__EXERCISE DIRECTIONS__.
Find the word "Toyota" in the listing; pull out each line holding it.

__STORED DATA__.

┌──

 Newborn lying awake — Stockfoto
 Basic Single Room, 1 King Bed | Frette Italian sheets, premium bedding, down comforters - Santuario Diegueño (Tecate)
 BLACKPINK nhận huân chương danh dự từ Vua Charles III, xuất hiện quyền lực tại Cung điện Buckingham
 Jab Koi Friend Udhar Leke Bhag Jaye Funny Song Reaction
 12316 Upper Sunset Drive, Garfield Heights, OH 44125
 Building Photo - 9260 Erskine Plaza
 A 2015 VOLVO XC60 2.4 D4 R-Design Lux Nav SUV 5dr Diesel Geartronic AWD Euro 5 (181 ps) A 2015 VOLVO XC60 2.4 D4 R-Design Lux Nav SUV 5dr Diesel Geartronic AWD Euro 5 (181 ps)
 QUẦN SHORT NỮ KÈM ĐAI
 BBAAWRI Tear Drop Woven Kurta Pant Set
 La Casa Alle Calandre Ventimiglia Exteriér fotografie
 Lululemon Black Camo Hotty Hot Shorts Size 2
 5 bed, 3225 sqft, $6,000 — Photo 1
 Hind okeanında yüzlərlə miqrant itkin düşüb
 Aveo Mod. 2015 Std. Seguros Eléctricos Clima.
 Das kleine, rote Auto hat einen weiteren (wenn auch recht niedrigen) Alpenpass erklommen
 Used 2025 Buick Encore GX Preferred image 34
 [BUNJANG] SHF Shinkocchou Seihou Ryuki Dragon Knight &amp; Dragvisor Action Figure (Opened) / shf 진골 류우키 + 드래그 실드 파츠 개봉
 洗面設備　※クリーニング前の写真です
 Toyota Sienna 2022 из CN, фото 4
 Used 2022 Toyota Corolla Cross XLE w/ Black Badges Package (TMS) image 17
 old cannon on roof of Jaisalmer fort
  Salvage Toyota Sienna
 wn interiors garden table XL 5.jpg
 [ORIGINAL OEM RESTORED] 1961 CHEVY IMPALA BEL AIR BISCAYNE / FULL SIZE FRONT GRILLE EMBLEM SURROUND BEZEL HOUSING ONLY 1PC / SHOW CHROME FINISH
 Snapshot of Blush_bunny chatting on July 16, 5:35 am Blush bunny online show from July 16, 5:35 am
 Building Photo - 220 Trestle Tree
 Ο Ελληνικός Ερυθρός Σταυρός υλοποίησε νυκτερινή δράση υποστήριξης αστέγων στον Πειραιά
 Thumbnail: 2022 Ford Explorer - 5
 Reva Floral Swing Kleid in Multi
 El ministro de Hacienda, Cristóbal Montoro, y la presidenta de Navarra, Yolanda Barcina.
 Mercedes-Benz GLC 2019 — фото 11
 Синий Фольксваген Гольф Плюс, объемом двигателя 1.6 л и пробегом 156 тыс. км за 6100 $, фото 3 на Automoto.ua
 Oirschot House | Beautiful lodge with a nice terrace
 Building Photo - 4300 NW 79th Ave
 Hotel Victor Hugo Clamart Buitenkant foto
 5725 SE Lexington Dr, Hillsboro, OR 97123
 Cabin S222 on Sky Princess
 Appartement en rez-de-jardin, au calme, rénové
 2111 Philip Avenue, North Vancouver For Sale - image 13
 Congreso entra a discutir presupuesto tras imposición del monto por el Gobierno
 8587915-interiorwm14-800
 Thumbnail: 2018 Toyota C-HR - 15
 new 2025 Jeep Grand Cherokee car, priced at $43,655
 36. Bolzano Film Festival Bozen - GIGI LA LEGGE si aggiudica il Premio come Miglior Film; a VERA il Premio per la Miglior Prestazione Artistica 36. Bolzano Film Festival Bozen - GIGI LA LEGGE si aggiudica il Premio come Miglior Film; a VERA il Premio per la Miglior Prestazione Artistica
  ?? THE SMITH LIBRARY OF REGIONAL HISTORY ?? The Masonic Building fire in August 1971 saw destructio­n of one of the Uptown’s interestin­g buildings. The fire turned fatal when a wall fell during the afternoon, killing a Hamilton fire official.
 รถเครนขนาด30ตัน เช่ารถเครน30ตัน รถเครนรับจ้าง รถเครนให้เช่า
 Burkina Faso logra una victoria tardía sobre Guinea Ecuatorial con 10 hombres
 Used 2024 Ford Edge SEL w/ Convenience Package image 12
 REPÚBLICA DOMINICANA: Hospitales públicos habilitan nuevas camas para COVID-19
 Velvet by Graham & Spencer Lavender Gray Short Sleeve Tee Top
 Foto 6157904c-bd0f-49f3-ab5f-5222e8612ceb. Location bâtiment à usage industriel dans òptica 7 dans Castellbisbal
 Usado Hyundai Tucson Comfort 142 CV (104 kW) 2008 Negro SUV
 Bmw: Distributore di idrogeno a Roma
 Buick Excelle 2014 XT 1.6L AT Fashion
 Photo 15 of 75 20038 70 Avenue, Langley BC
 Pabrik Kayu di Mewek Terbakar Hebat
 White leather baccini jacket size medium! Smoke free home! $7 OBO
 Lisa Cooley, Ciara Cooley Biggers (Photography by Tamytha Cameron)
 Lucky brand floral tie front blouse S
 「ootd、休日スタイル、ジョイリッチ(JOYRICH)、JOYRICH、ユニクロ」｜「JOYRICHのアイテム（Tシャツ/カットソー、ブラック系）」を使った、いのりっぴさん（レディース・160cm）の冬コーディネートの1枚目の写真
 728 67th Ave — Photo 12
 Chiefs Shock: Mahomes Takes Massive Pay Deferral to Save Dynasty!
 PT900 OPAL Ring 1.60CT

└──

__RESULT BELOW__.
 Toyota Sienna 2022 из CN, фото 4
 Used 2022 Toyota Corolla Cross XLE w/ Black Badges Package (TMS) image 17
  Salvage Toyota Sienna
 Thumbnail: 2018 Toyota C-HR - 15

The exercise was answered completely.